In your answer, set down the records below exactly as they stand, omitting pictures.

[Records contained in a dataset]
╔══
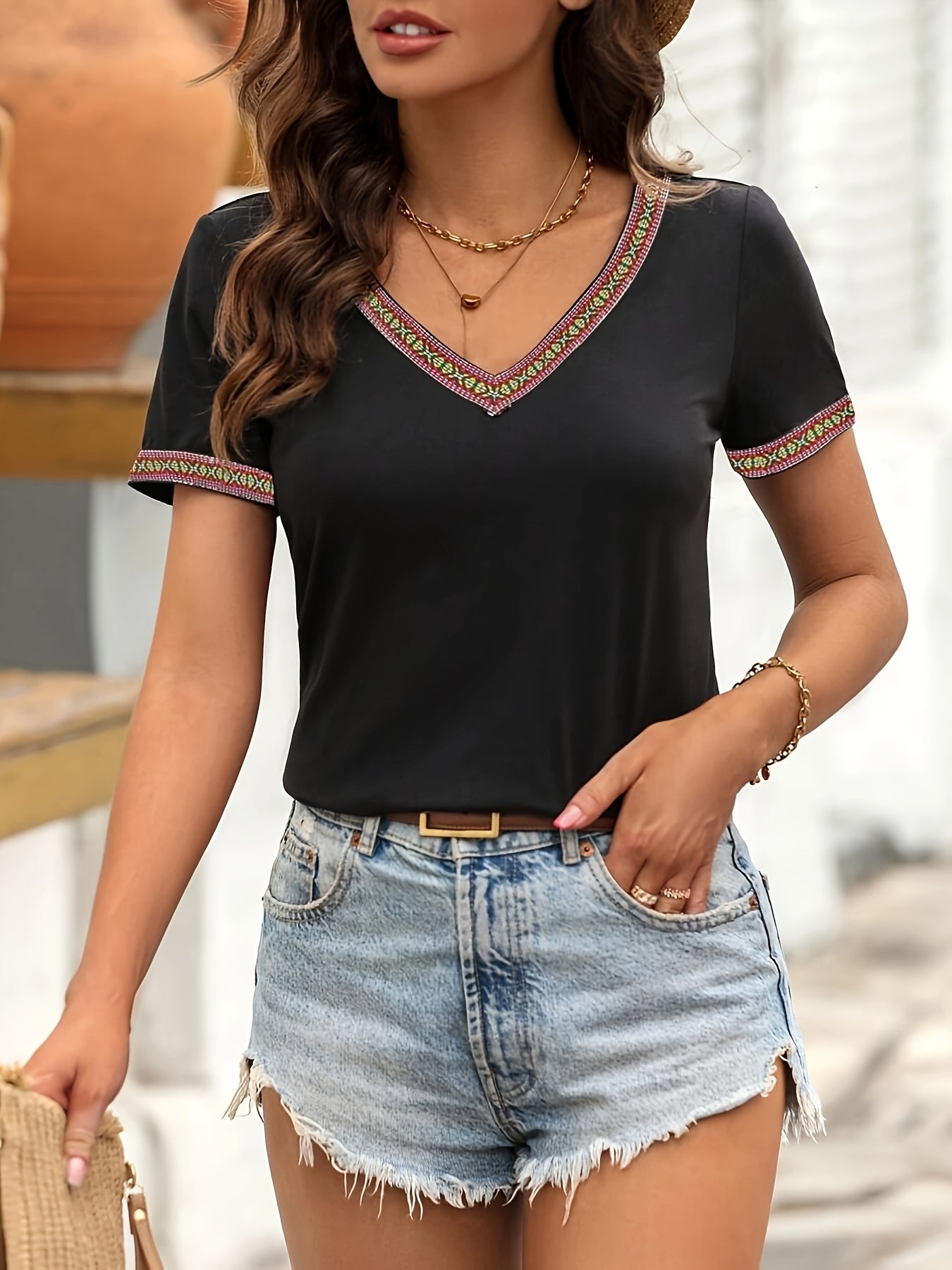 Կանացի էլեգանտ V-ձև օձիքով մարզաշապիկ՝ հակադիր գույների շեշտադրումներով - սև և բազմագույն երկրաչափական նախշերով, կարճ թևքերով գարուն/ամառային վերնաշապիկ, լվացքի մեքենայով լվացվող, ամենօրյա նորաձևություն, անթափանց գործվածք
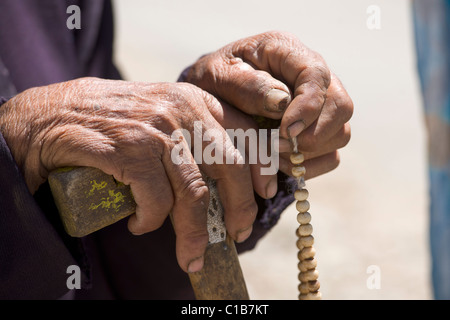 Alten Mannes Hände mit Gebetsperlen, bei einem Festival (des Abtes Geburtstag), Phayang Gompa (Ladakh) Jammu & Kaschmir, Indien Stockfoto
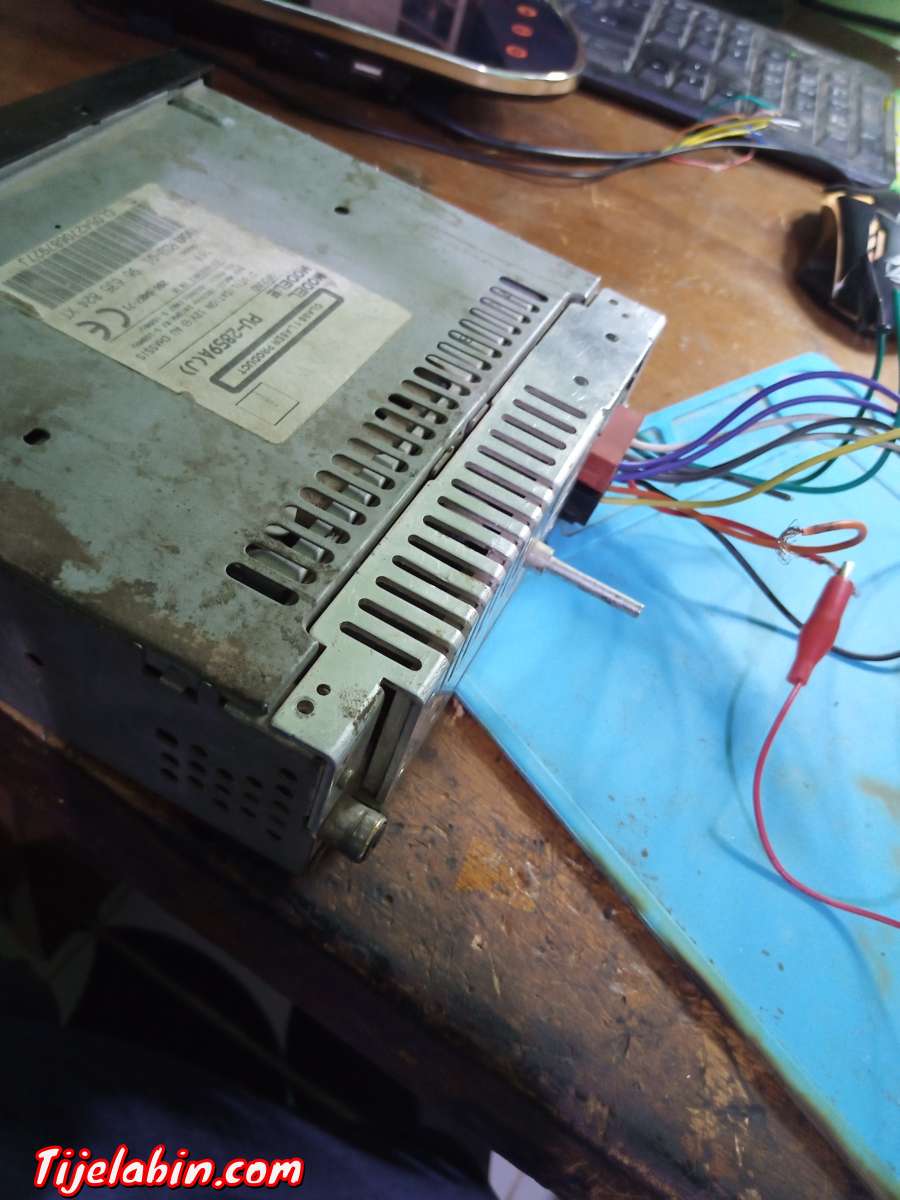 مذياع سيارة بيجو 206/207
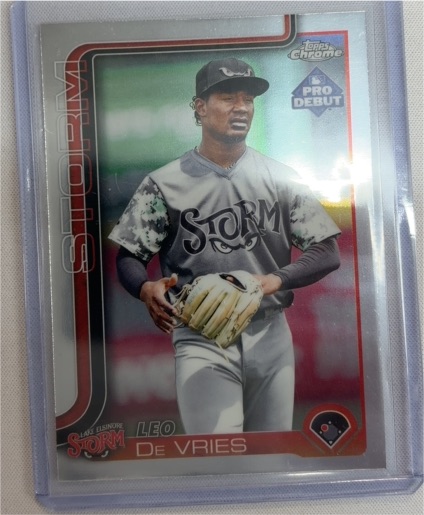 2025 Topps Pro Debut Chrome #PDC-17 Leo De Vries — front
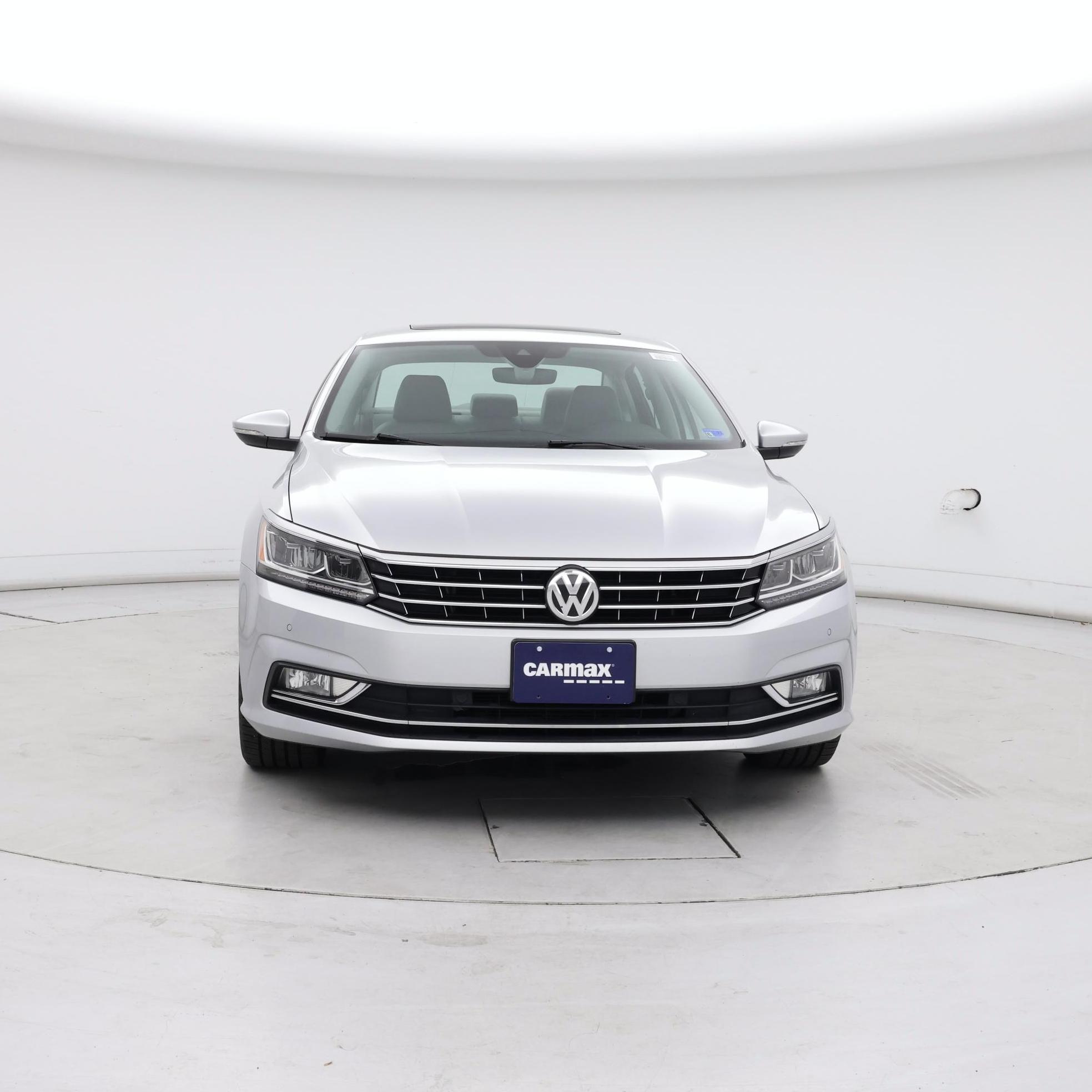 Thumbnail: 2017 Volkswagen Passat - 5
╚══
### SOLUTION TO THE EXERCISE
 Կանացի էլեգանտ V-ձև օձիքով մարզաշապիկ՝ հակադիր գույների շեշտադրումներով - սև և բազմագույն երկրաչափական նախշերով, կարճ թևքերով գարուն/ամառային վերնաշապիկ, լվացքի մեքենայով լվացվող, ամենօրյա նորաձևություն, անթափանց գործվածք
 Alten Mannes Hände mit Gebetsperlen, bei einem Festival (des Abtes Geburtstag), Phayang Gompa (Ladakh) Jammu & Kaschmir, Indien Stockfoto
 مذياع سيارة بيجو 206/207
 2025 Topps Pro Debut Chrome #PDC-17 Leo De Vries — front
 Thumbnail: 2017 Volkswagen Passat - 5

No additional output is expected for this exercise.